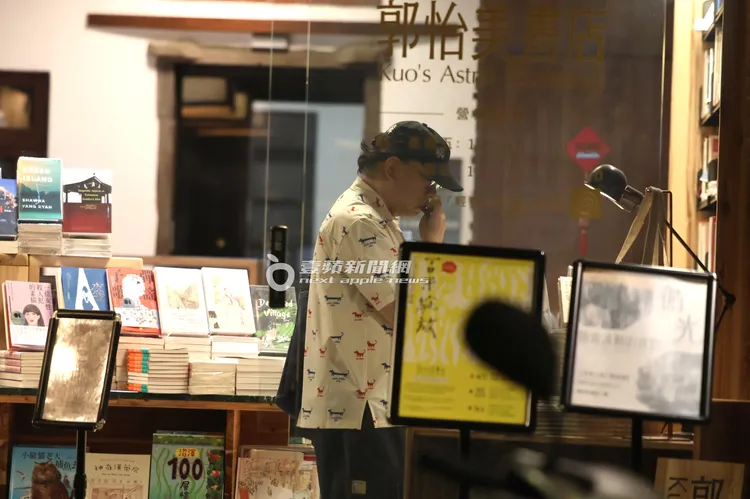 蔡康永到郭怡美書店看書，一整天都是文青行程。特勤中心攝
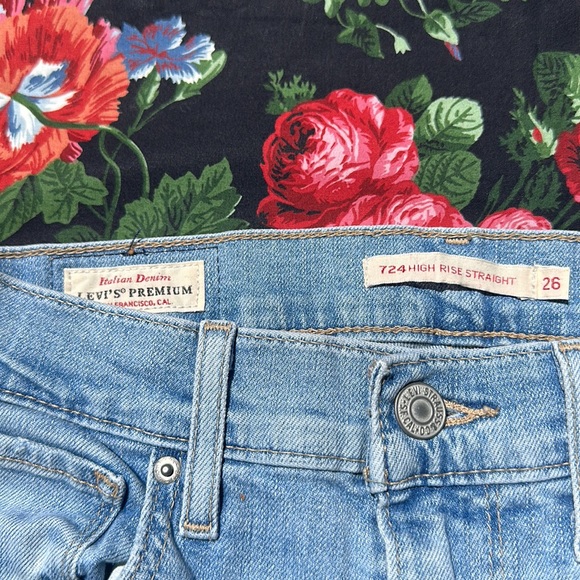 Levi’s Premium Italian Denim 724 high rise straight distress jean light blue 26 - Picture 5 of 10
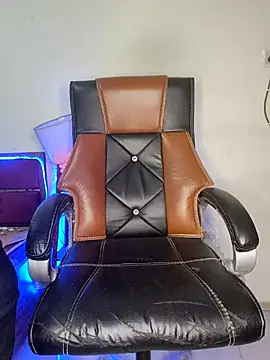 Snapshot of Black-Pearll chatting on March 14, 4:51 pm Black-Pearll online show from March 14, 4:51 pm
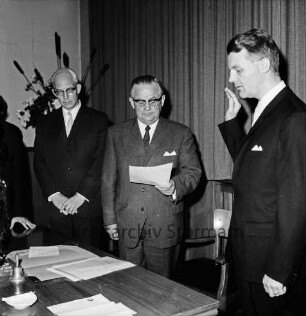 Gottfried Baethge: Amtseinführung: Rathaussitzungssaal: Vereidigung durch Bürgerworthalter Georg Koch im Beisein von Landrat Wennemar Haarmann: 30. September 1968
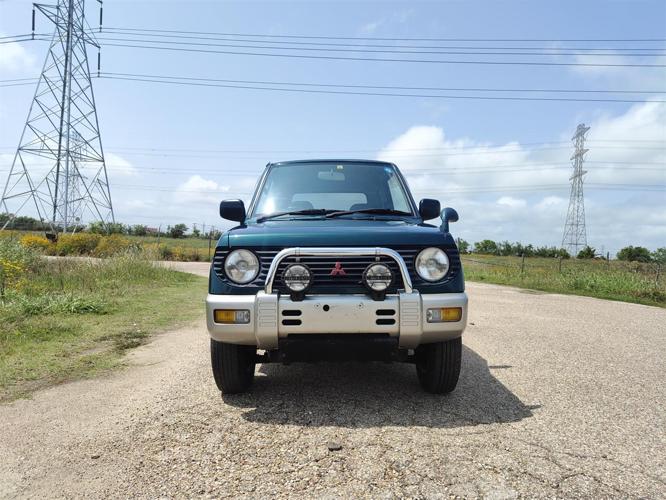 1995 mitsubishi pajero in freeport, texas
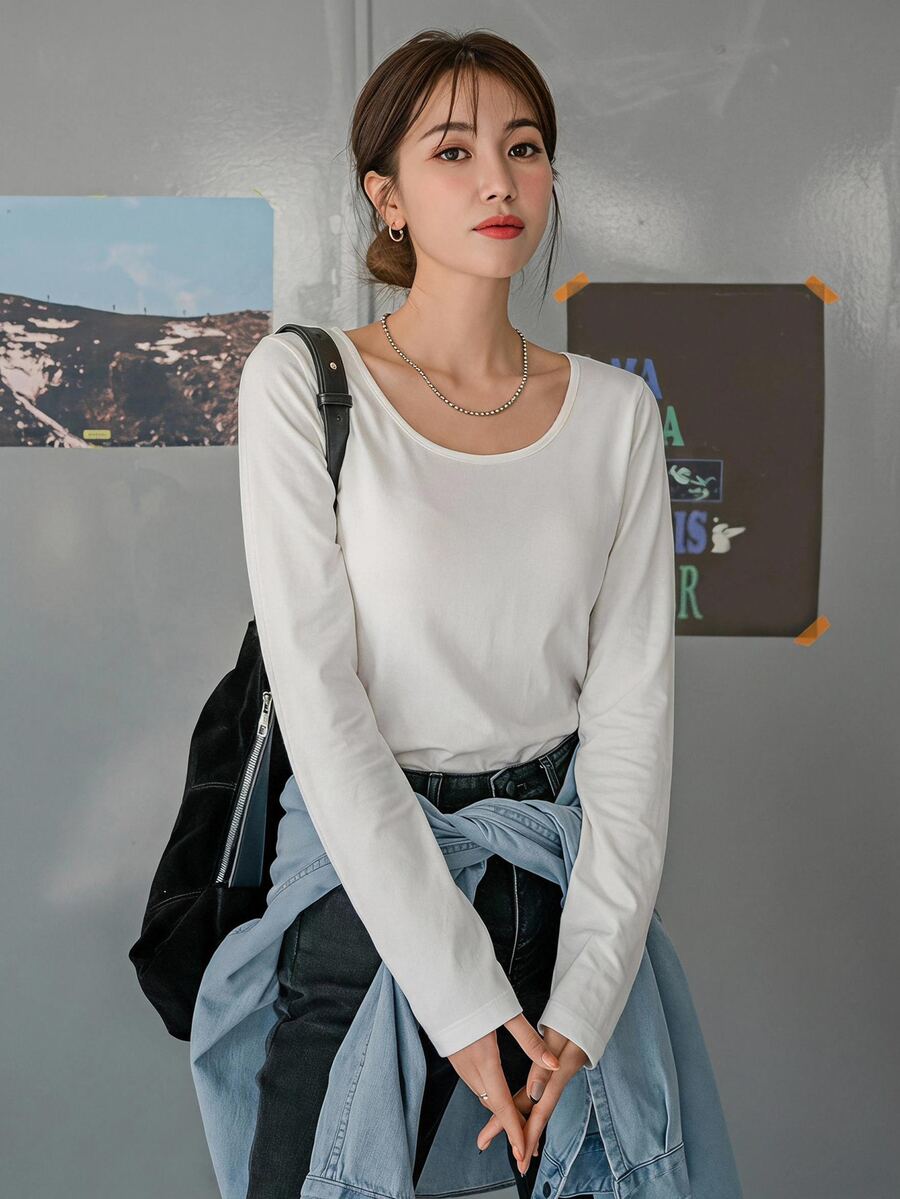 DAZY 女款純色圓領長袖休閒百搭T恤 - 白色 - 查看 1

****************

Please write out all the data word for word, but keep every picture out.

 蔡康永到郭怡美書店看書，一整天都是文青行程。特勤中心攝
 Levi’s Premium Italian Denim 724 high rise straight distress jean light blue 26 - Picture 5 of 10
 Snapshot of Black-Pearll chatting on March 14, 4:51 pm Black-Pearll online show from March 14, 4:51 pm
 Gottfried Baethge: Amtseinführung: Rathaussitzungssaal: Vereidigung durch Bürgerworthalter Georg Koch im Beisein von Landrat Wennemar Haarmann: 30. September 1968
 1995 mitsubishi pajero in freeport, texas
 DAZY 女款純色圓領長袖休閒百搭T恤 - 白色 - 查看 1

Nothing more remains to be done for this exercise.